#### [ACTION ITEM]
When you reach the line with "Turquoise weird sculpture" in the data below, begin printing lines exactly, and stop once the line with "Mor, bej ve kahverengi yerine" has been printed.

#### [PROVIDED DATA]
::::::::

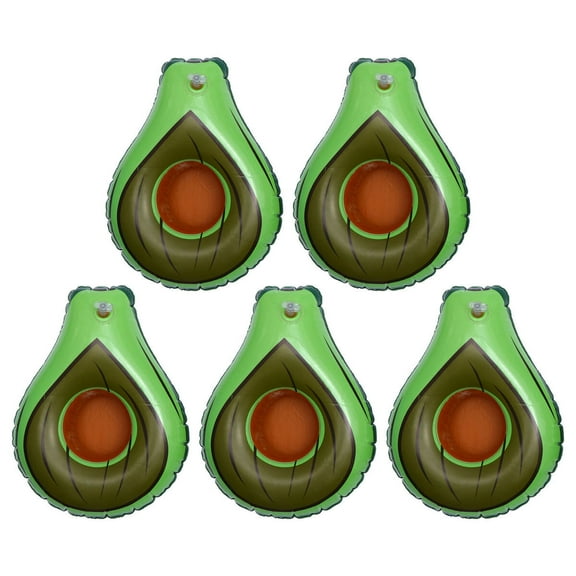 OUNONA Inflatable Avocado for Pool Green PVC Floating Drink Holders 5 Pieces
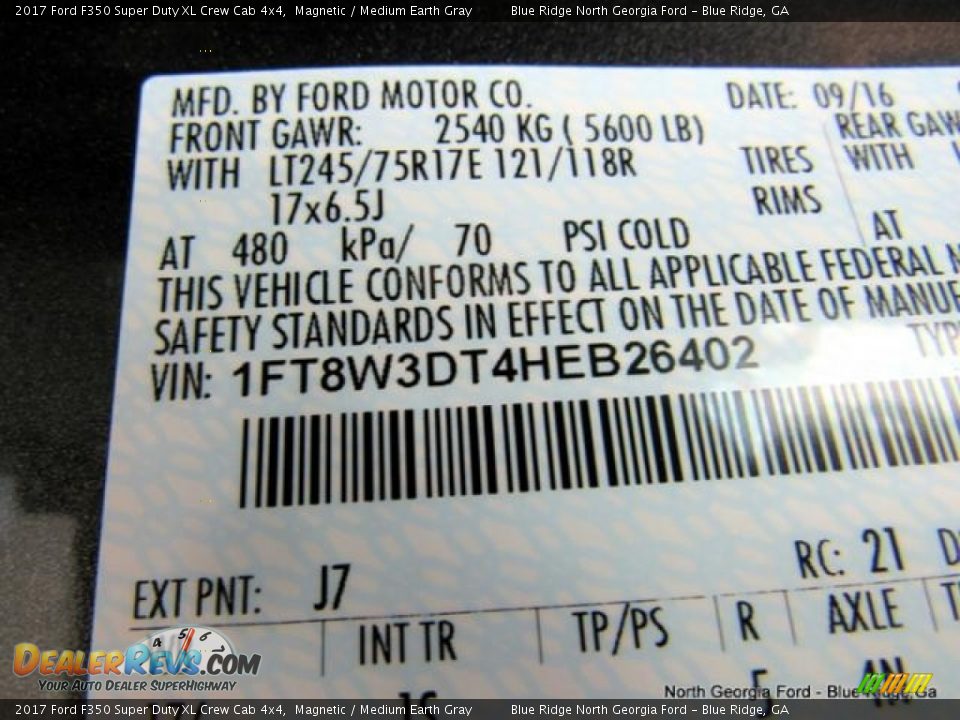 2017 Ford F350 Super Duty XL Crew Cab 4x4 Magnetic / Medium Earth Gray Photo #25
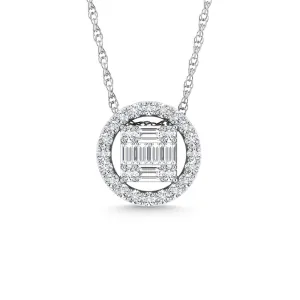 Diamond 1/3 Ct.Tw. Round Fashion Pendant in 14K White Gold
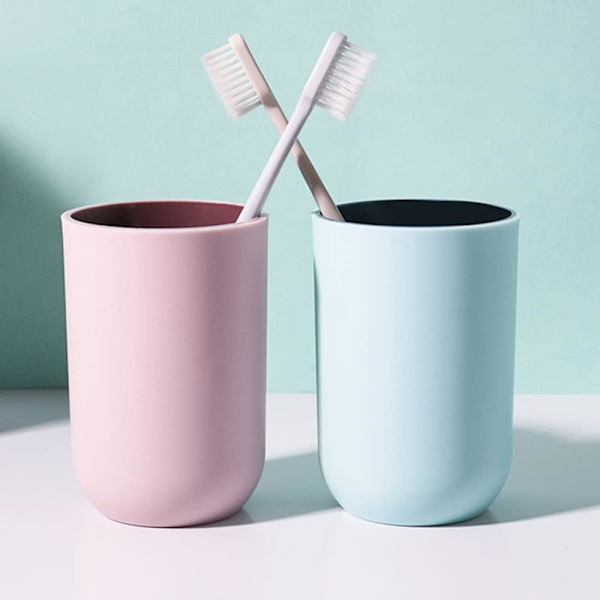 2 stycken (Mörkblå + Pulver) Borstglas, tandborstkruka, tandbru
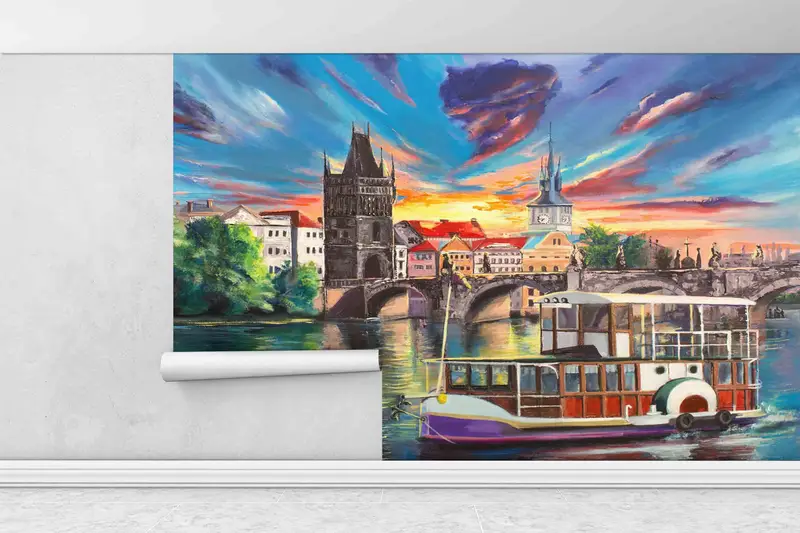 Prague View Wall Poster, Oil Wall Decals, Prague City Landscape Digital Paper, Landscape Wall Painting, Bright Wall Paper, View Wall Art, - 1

::::::::

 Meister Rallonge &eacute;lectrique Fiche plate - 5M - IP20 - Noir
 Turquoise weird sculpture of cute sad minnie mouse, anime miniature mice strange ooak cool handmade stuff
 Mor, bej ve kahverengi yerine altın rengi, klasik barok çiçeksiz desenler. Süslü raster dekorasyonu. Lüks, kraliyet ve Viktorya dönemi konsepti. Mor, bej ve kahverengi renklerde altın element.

::::::::

#### [OUTPUT]
 Turquoise weird sculpture of cute sad minnie mouse, anime miniature mice strange ooak cool handmade stuff
 Mor, bej ve kahverengi yerine altın rengi, klasik barok çiçeksiz desenler. Süslü raster dekorasyonu. Lüks, kraliyet ve Viktorya dönemi konsepti. Mor, bej ve kahverengi renklerde altın element.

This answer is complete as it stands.